**REQUIRED WORK:**
Copy every line of the data below exactly as given, except for the pictures.

BEGIN

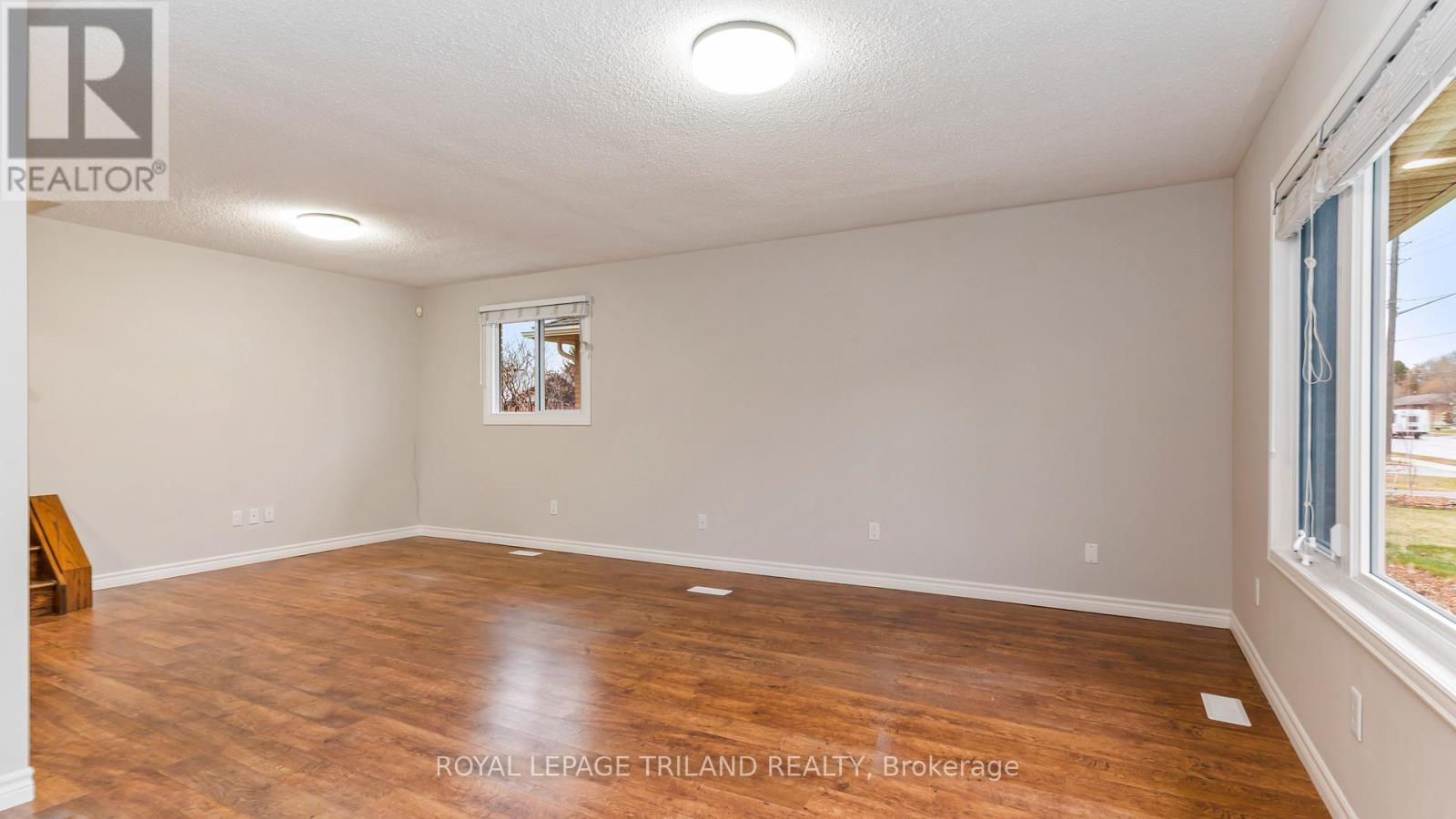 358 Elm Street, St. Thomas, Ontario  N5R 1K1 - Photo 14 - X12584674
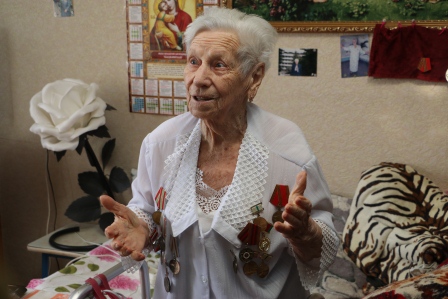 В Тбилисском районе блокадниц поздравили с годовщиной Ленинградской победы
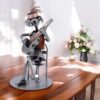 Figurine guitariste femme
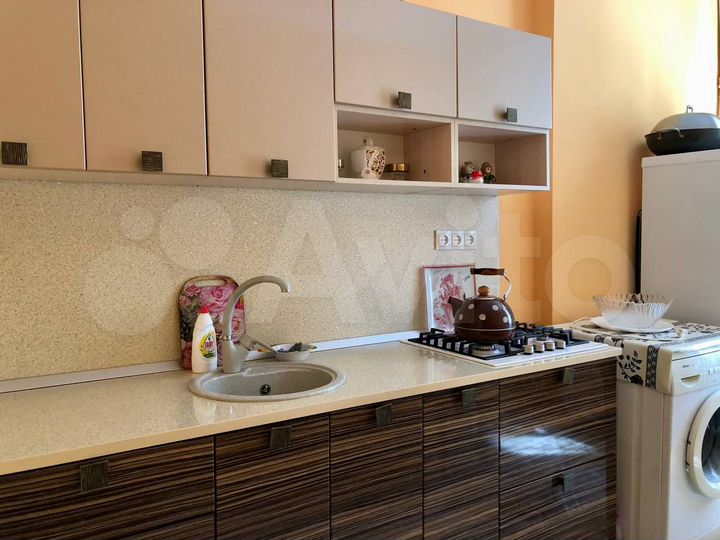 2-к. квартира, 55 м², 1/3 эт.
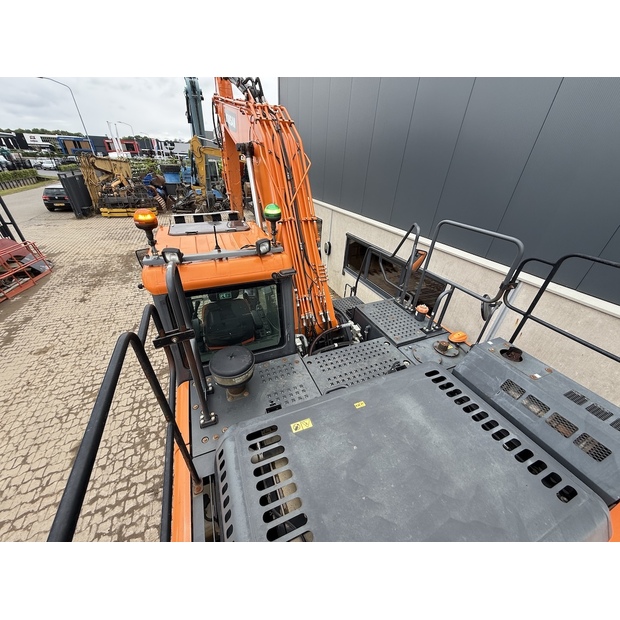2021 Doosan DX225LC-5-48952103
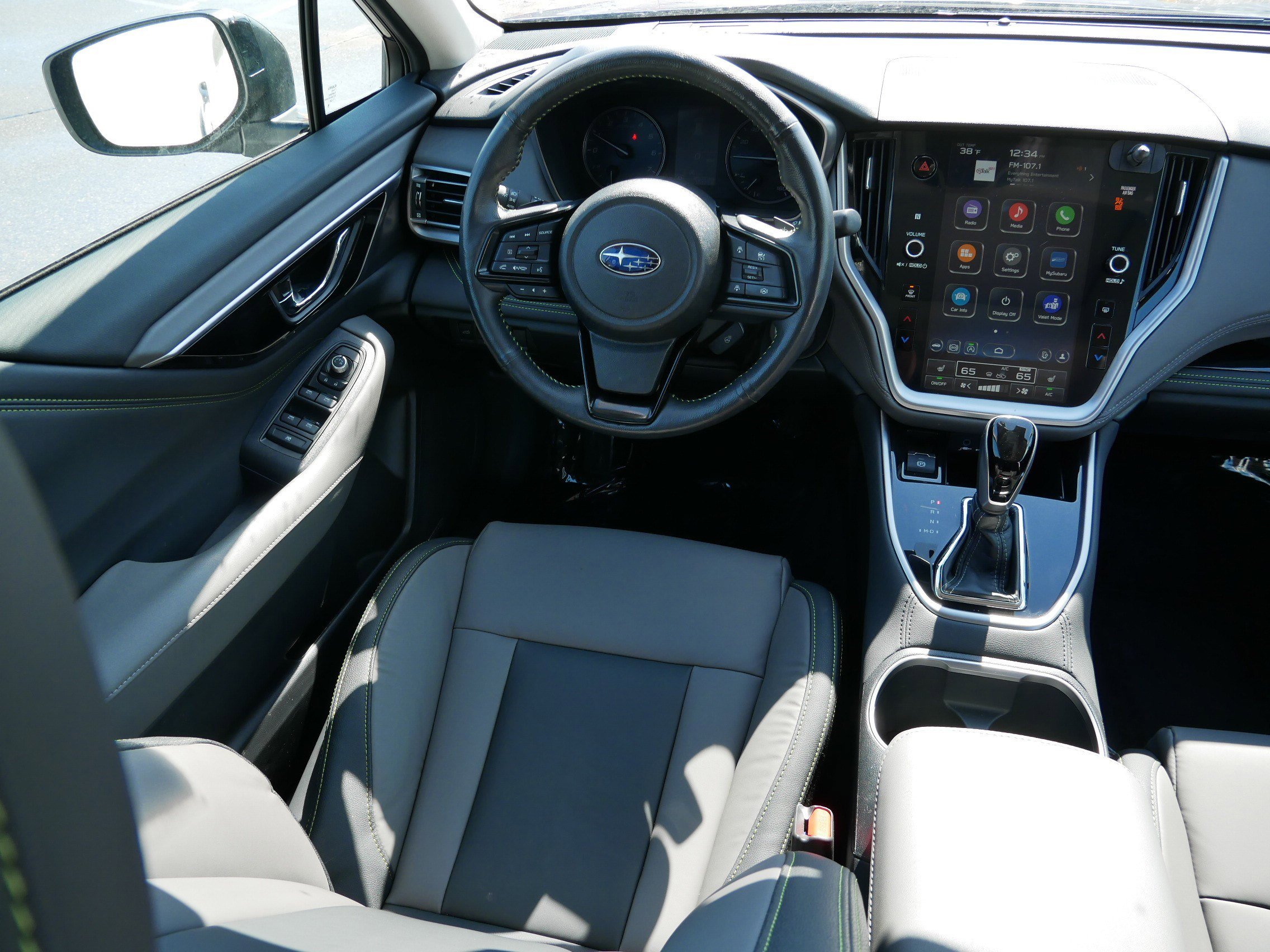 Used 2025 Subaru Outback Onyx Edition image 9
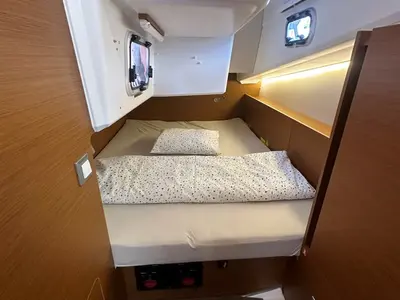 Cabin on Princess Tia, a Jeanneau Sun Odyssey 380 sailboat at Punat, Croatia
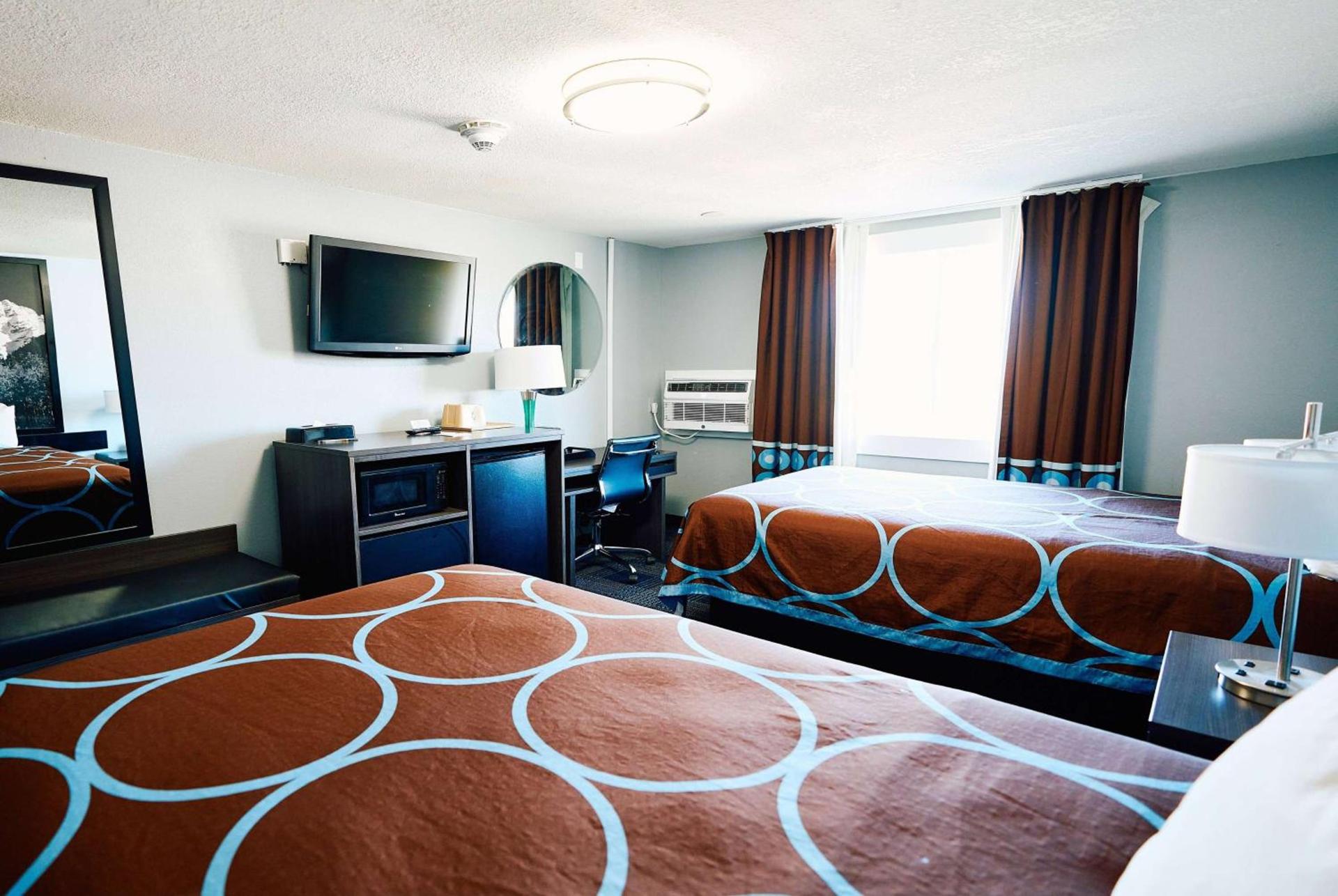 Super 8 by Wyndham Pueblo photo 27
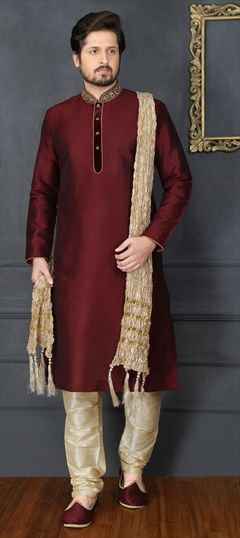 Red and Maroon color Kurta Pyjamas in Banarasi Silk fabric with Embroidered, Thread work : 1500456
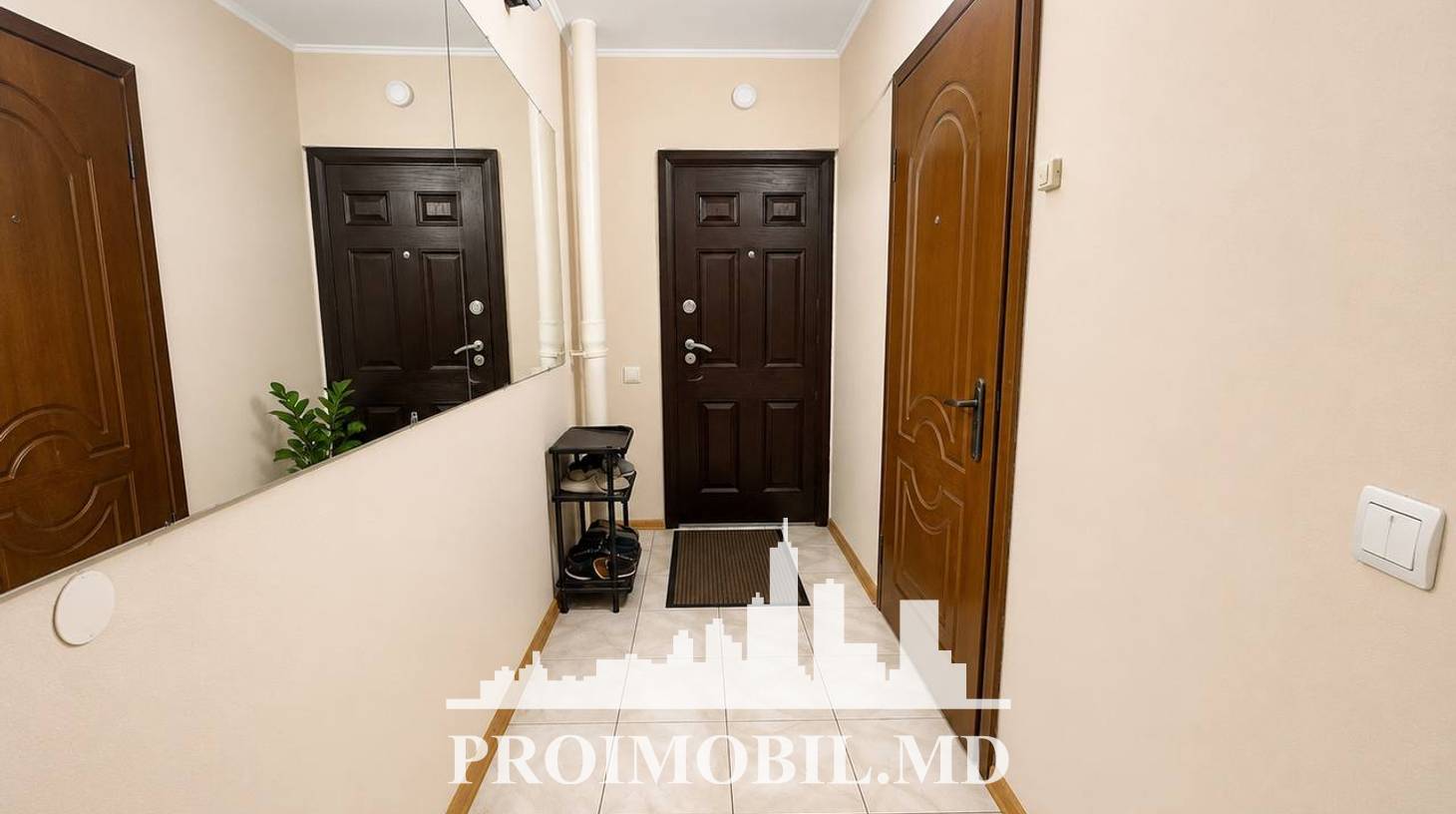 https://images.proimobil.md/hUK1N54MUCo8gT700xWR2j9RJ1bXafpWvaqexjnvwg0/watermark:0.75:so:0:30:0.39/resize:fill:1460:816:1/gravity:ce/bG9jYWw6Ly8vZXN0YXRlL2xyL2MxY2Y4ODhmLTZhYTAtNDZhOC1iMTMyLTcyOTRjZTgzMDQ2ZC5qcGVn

END

**REPLY TO THE TASK:**
 358 Elm Street, St. Thomas, Ontario  N5R 1K1 - Photo 14 - X12584674
 В Тбилисском районе блокадниц поздравили с годовщиной Ленинградской победы
 Figurine guitariste femme
 2-к. квартира, 55 м², 1/3 эт.
2021 Doosan DX225LC-5-48952103
 Used 2025 Subaru Outback Onyx Edition image 9
 Cabin on Princess Tia, a Jeanneau Sun Odyssey 380 sailboat at Punat, Croatia
 Super 8 by Wyndham Pueblo photo 27
 Red and Maroon color Kurta Pyjamas in Banarasi Silk fabric with Embroidered, Thread work : 1500456
 https://images.proimobil.md/hUK1N54MUCo8gT700xWR2j9RJ1bXafpWvaqexjnvwg0/watermark:0.75:so:0:30:0.39/resize:fill:1460:816:1/gravity:ce/bG9jYWw6Ly8vZXN0YXRlL2xyL2MxY2Y4ODhmLTZhYTAtNDZhOC1iMTMyLTcyOTRjZTgzMDQ2ZC5qcGVn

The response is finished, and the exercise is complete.